Luciana Cadahia es profesora de Filosofía. Ha centrado su trabajo intelectual en el pensamiento latinoamericano con énfasis en lo político, la estética y lo popular. Foto: cortesía de Cadahia.
Luciana Cadahia es profesora de Filosofía. Ha centrado su trabajo intelectual en el pensamiento latinoamericano con énfasis en lo político, la estética y lo popular. Foto: cortesía de Cadahia.

En una entrevista que concedió a GACETA, Yayo Herrero decía que estamos en un momento radical: o se es parte de las lógicas del capitalismo y se las valida con nuestro quehacer y vivir, o se las cuestiona y se toman decisiones para no mantenerlas. ¿Qué tiene qué ver esto con las fronteras en Latinoamérica?
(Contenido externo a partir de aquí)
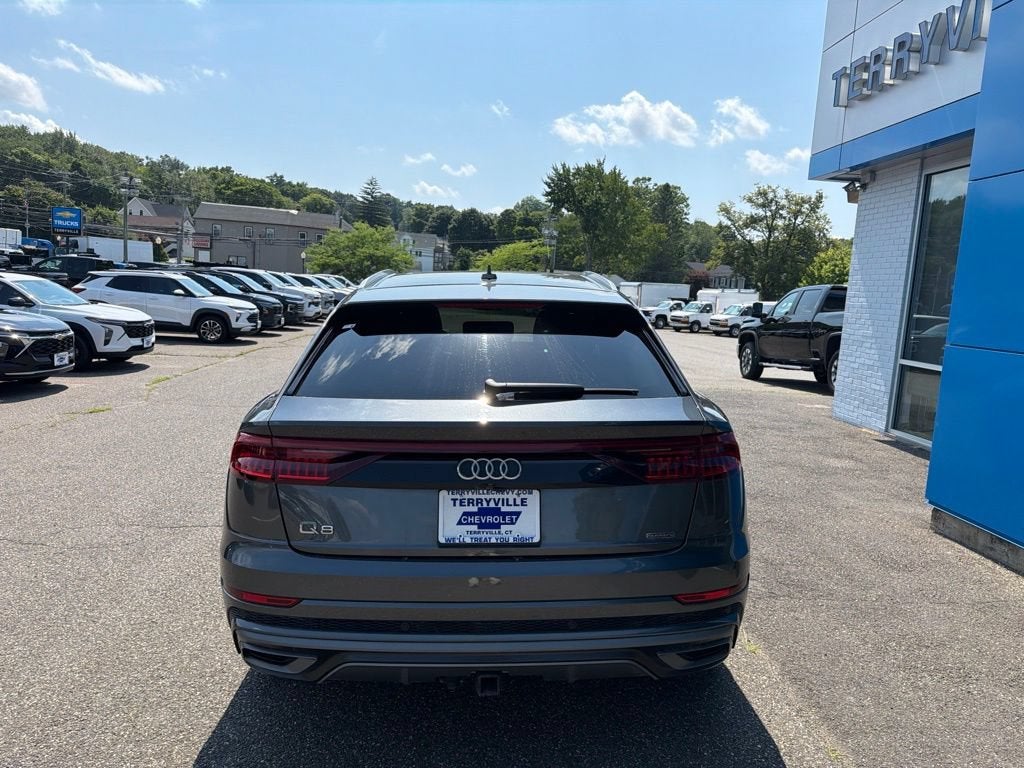 2021 Audi Q8 Premium Plus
LC: Esta decisión radical que plantea Yayo Herrero, y que comparto, en América Latina y el Caribe, se dirime al interior de este drama histórico atravesado por la tensión entre repúblicas oligárquicas y repúblicas plebeyas. Si las primeras se han configurado como un proyecto racista de enclave regional que no ha hecho otra cosa que alimentar los aspectos más destructivos del capitalismo contemporáneo, las segundas, en cambio, funcionan como un laboratorio que hace un cortocircuito con el actual estado autodestructivo del capitalismo financiero. En ese sentido, creo que la frontera, más que territorial, es mental y espiritual en nuestro continente. O seguimos repitiendo la vieja lógica hispánica del despojo, el autodesprecio y la violencia, o nos entregamos al experimento revolucionario de imaginar y construir unas repúblicas para la vida humana y planetaria.